BEGIN Records for the exercise

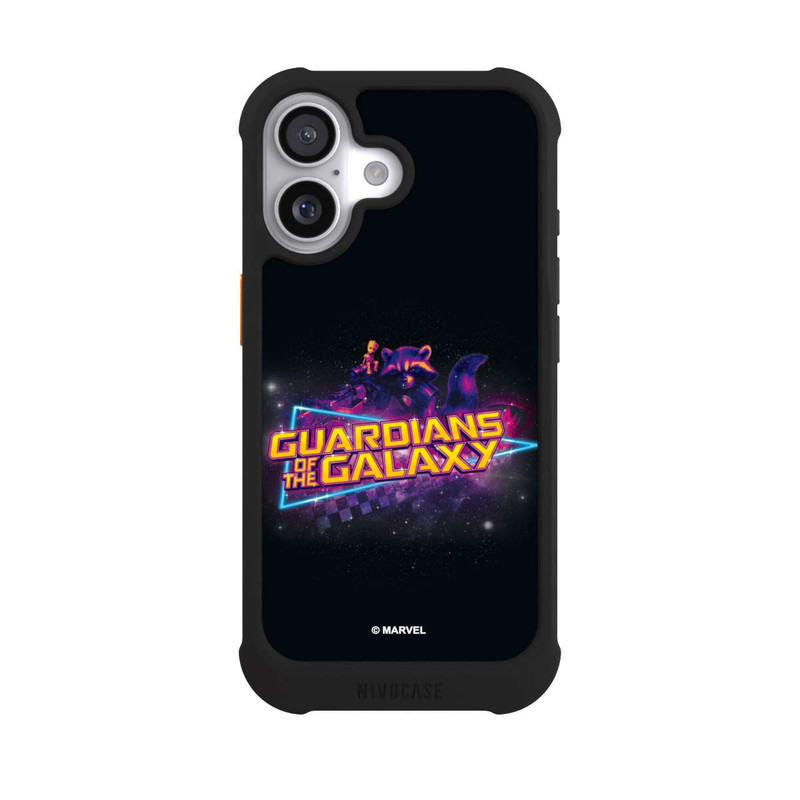iPhone 17 NIVOmax Guardians of the Galaxy Logo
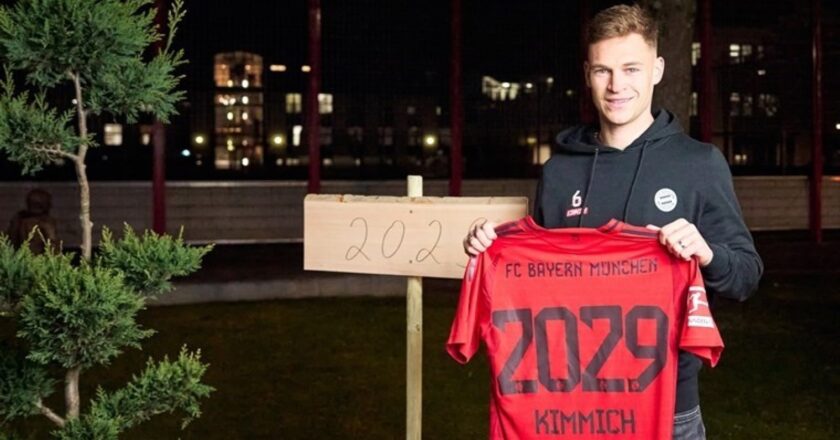 Bayern Münih, Kimmich Sözleşmesini Genişletti – Son Dakika Spor Haberleri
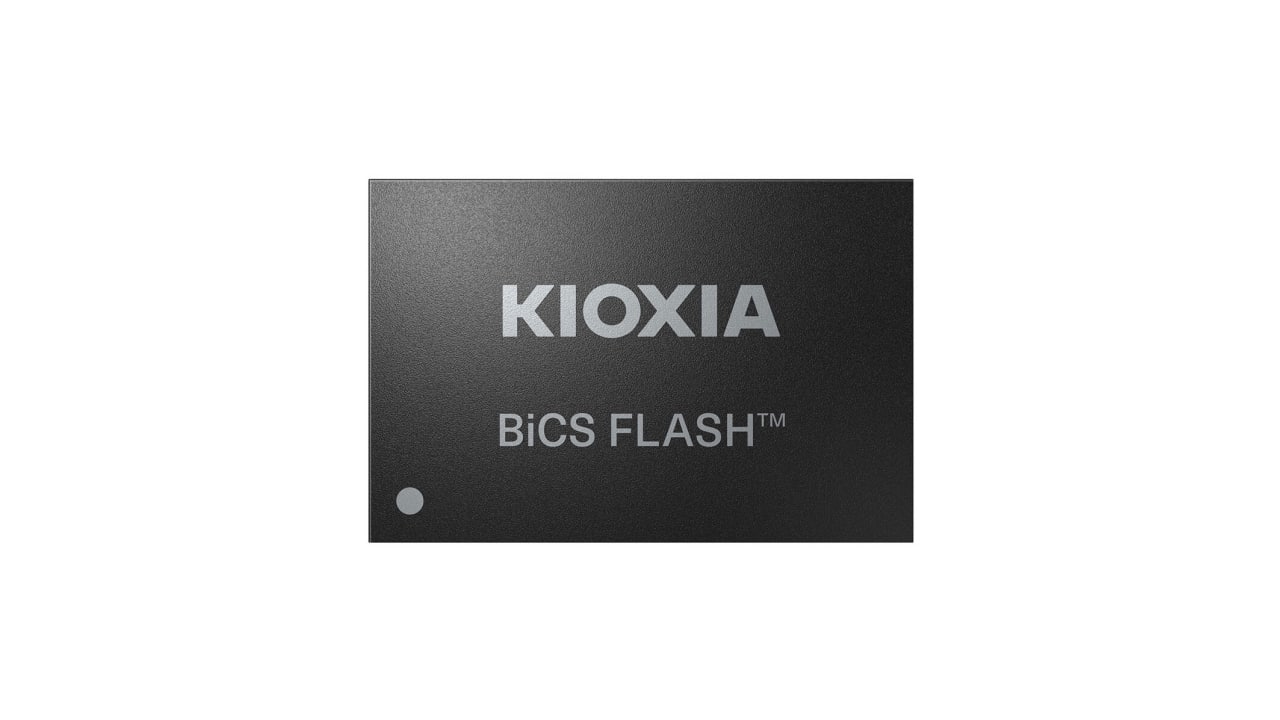 Kioxia industrial flash memory 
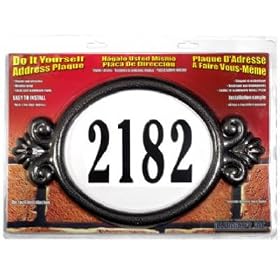 BLK DIY Address Kit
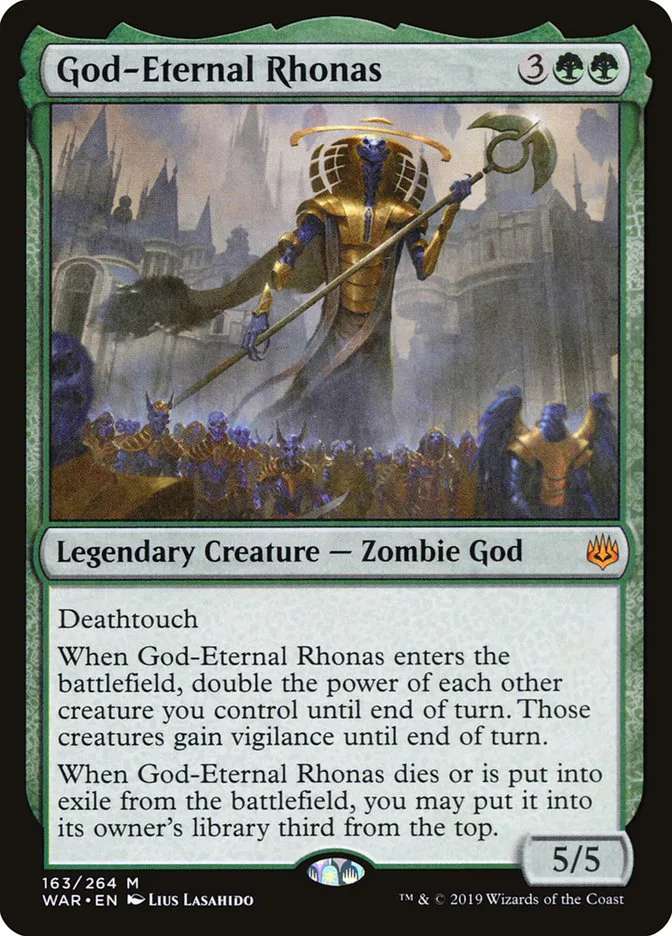 God-Eternal Rhonas image 2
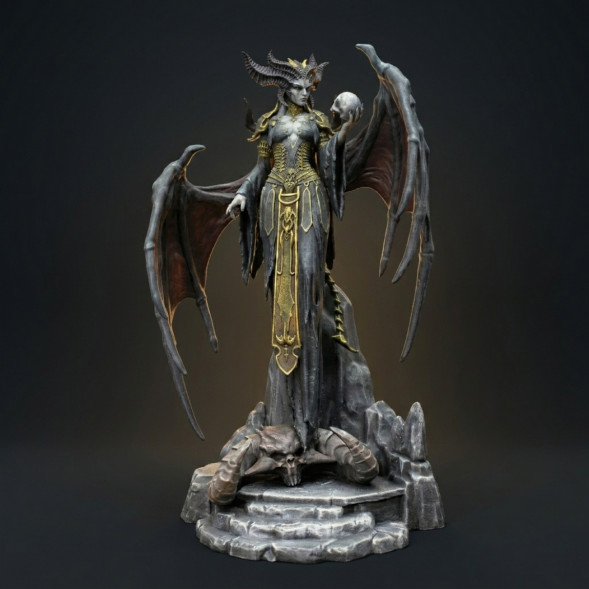 3D фигурка персонаж игры Diablo в Севастополе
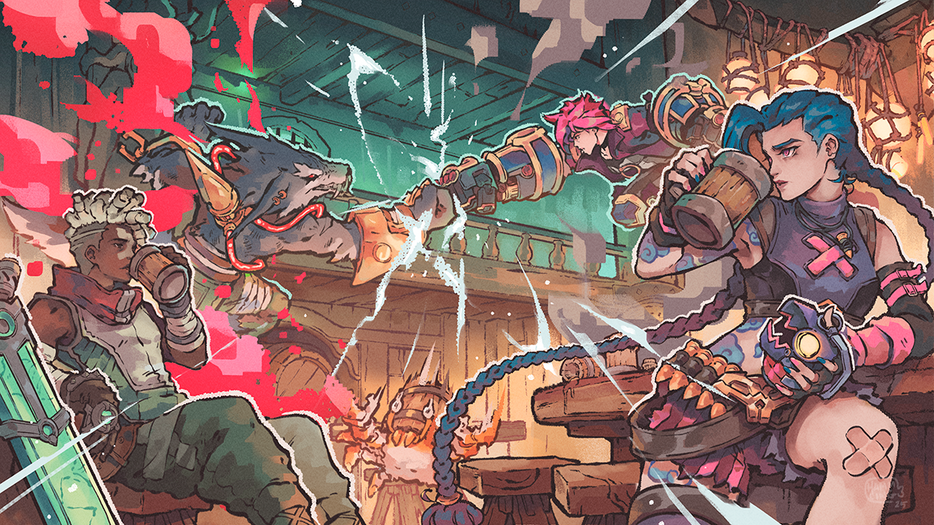 riot 2xko commission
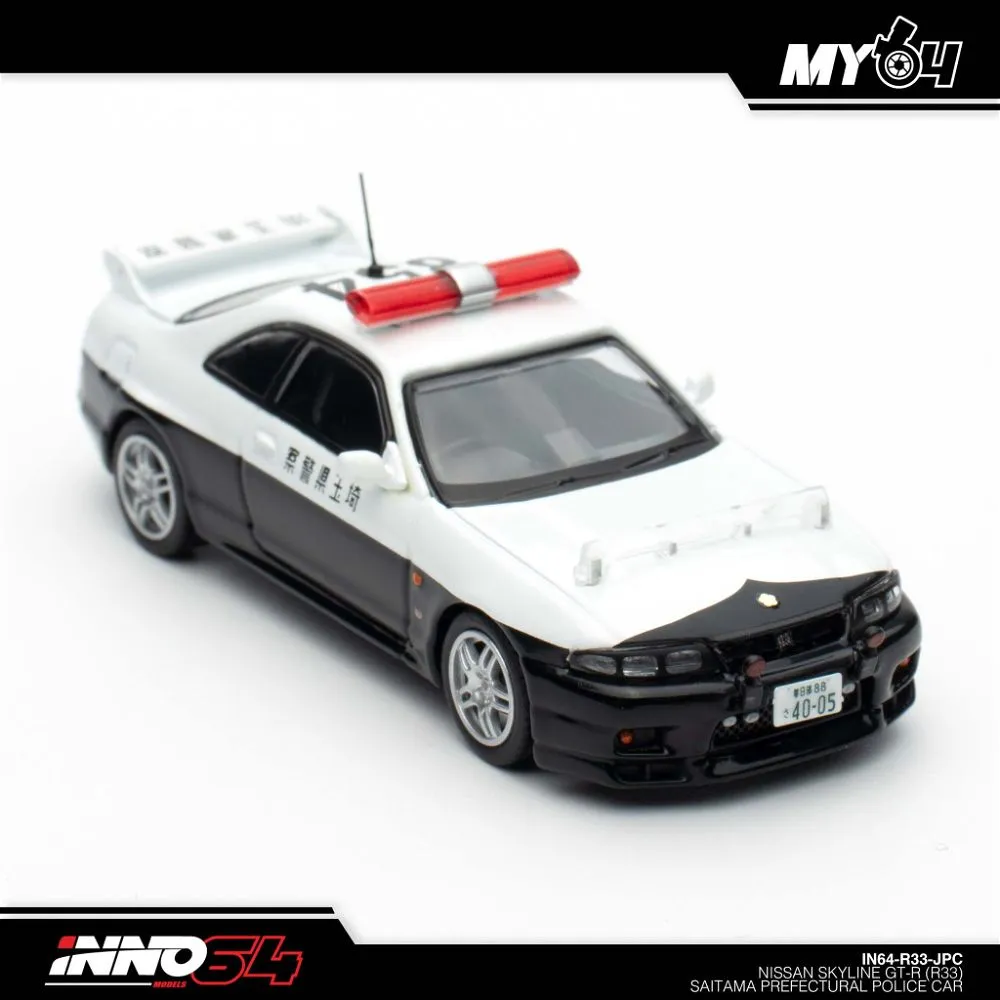 INNO64 | NISSAN SKYLINE GT-R R33 | JAPANESE POLICE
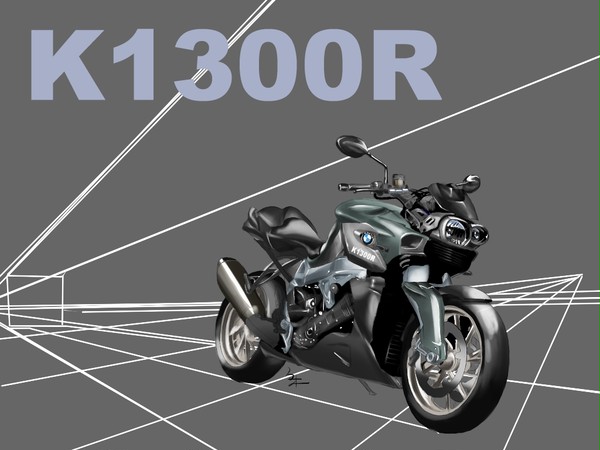 K1300R トレース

END Records for the exercise

From the line that contains "INNO64 | NISSAN" to the last line of the data, print each line exactly, both ends included, and omit the pictures.

Answer area:
 INNO64 | NISSAN SKYLINE GT-R R33 | JAPANESE POLICE
 K1300R トレース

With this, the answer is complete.